While this was going on, people wandered past the cinder-block medical cottage with greater frequency than usual, not lingering but flicking glances at the narrow windows set high in the rough walls before continuing on their way to the comfort tents or the merchant stalls or the worn walking path around the perimeter of the Box.
The Box was a haven for addicts, for people seeking oblivion, for shysters and sharks and whores. It was a place where you could buy anything that Aftertime grudgingly offered, except hope. What role could a boy of seven or eight have in such a place?
As the afternoon wore on, Cass worked in the raised garden beds with Ruthie playing nearby on a quilt spread over the earth. It was warm for late September-Indian summer, they used to call it-and people came out of the tents and sheds and milled around in the common areas, near enough that Cass could hear their voices, carried on the wind, and sense their collective restlessness, waiting for the spoils of the raid to be sorted and catalogued and distributed to the merchants. Waiting to barter and buy. Or, for those with nothing to trade, just to look, to wish, to covet. There was little enough in the way of entertainment to be found.

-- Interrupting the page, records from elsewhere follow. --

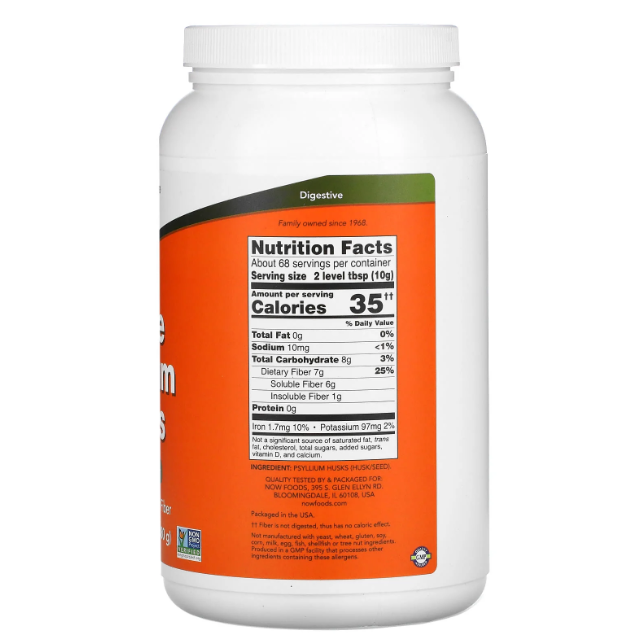NOW Food, Whole Psyllium Husks, 680 gr | Цельная оболочка семян подорожника, 680 гр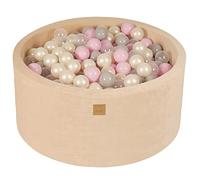 MEOWBABY Piscina di Palline per Bambini - Tondo 90x40cm Piscine con 300 Palline Colorate, Velluto, Ecru: Trasparente/Rosa pastello/Bianco pearl/Grigio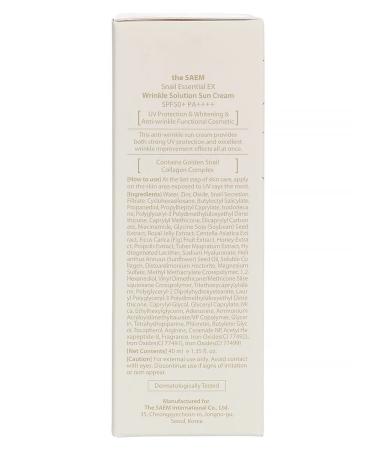 THE SAEM Sunscreen with snail mucin SPF 50+ PA ++++ - Buy Online on GoSupps.com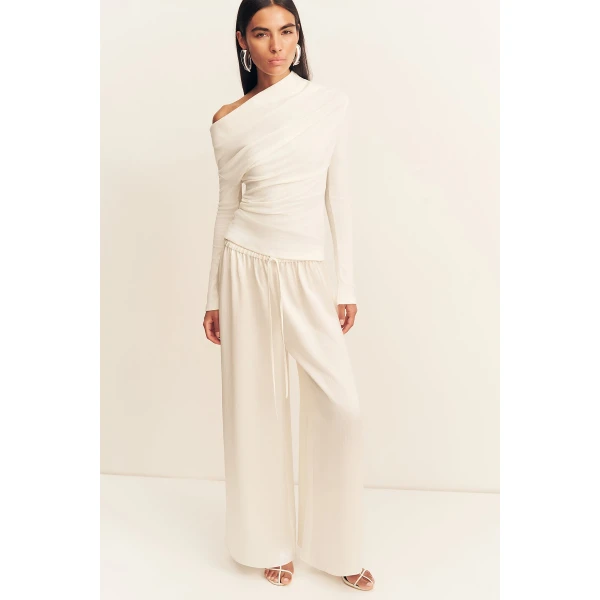 Shona Joy Aby Asymmetrical Jersey Top - Ivory - Tops - Australian Luxury Eventwear at Coveti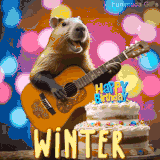 Animated birthday GIF showing a capybara playing guitar and singing beside a birthday cake with the name Winter in large letters and colorful bokeh lights in the background.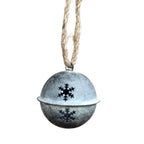 Zinkglocke Schelle mit Schneeflocken zum Aufhängen 6 cm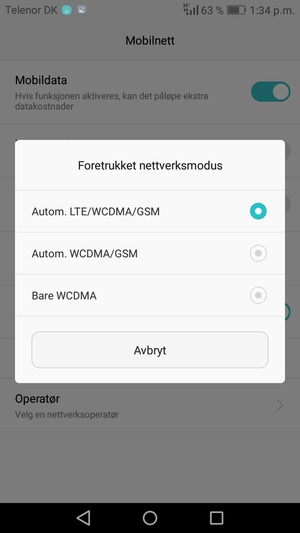 Velg Autom. WCDMA/GSM for å aktivere 3G og Autom. LTE/WCDMA/GSM for å aktivere 4G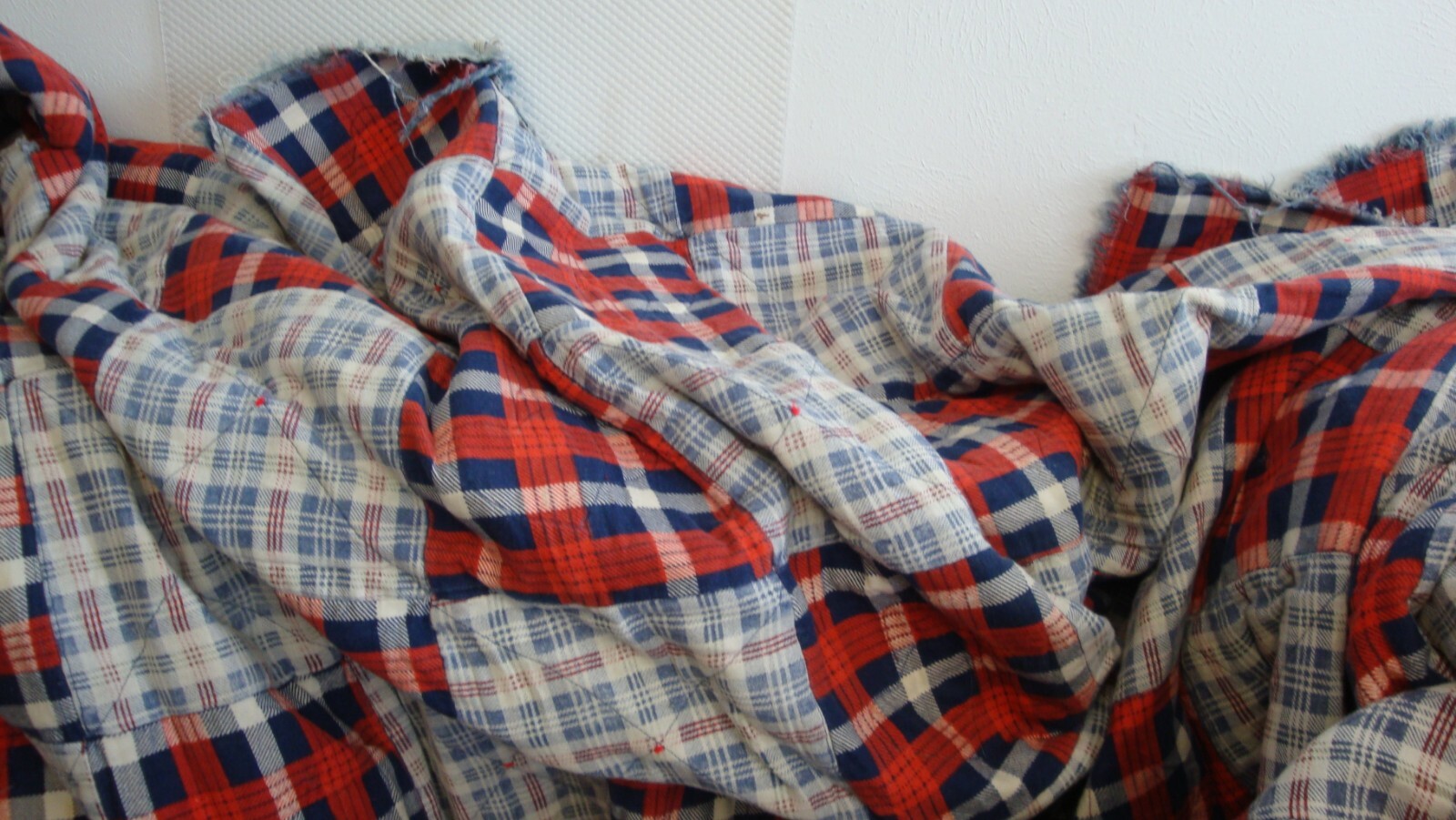 Vintage Denim Flannel Quilt Rag Quilt Handmade Blanket Applique 90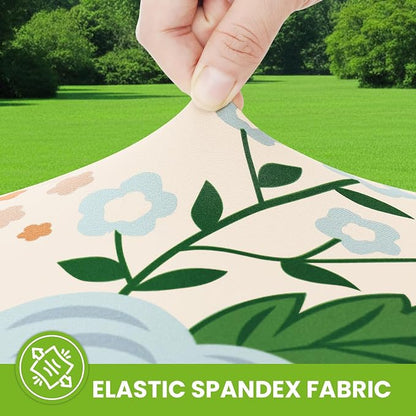 Smiry Spandex Fitted Tablecloth for 8 Foot Rectangle Tables, Washable Picnic Table Cover with Elastic, Stretch Reusable Table Cloth for Outdoor, Camping, Dining & Kitchen (Beige Flower, 30"x96")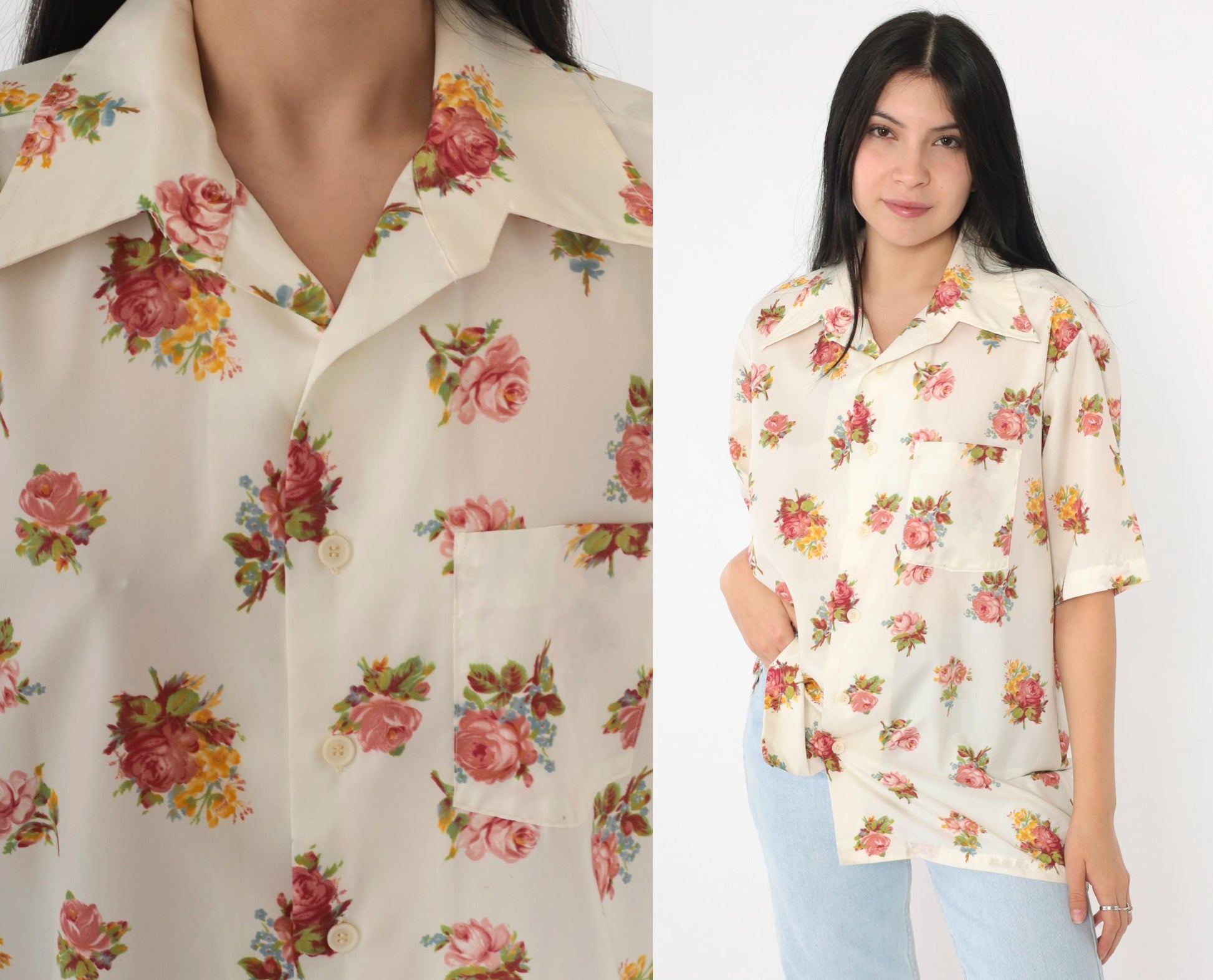 70s Pink Floral Rose Print Button Up Shirt Dagger Collar Men's Large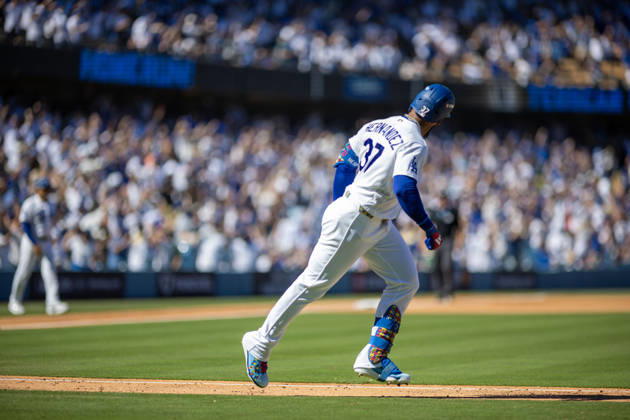 October 3, 2026, Los Angeles, California, USA: Teoscar Herno¡ndez 37 of the Los Angeles Dodgers reacts after hitting a 2-run home run during the fourth inning against the Atlanta Braves in game one of the National League Division Series at Dodger Stadium on October 03, 2026 in Los Angeles, California. Los Angeles Dodgers won the game 5-3. . Los Angeles USA - ZUMAa60_ 20261003_zaf_a60_035 Copyright: xArmandoxArorizox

Cass remembered a book she’d read in elementary school, about a girl who lived in a long-ago Western frontier town next to a railroad. Twice a week the train would stop, and the townspeople would leave off what they were doing and come to watch the passengers who left the cars to stretch their legs, to catch a glimpse of the belongings they carried with them and imagine where they might be going, who they might meet at the other end of their journey. It was the girl’s only contact with the world outside the town, a notion that had stunned Cass. Cass, whose own father left for weeks at a time to travel the West Coast with his band, and sent her postcards from Canada and Oregon and Mexico. Someday, when she was old enough, Cass meant to go along with her daddy and see these things for herself.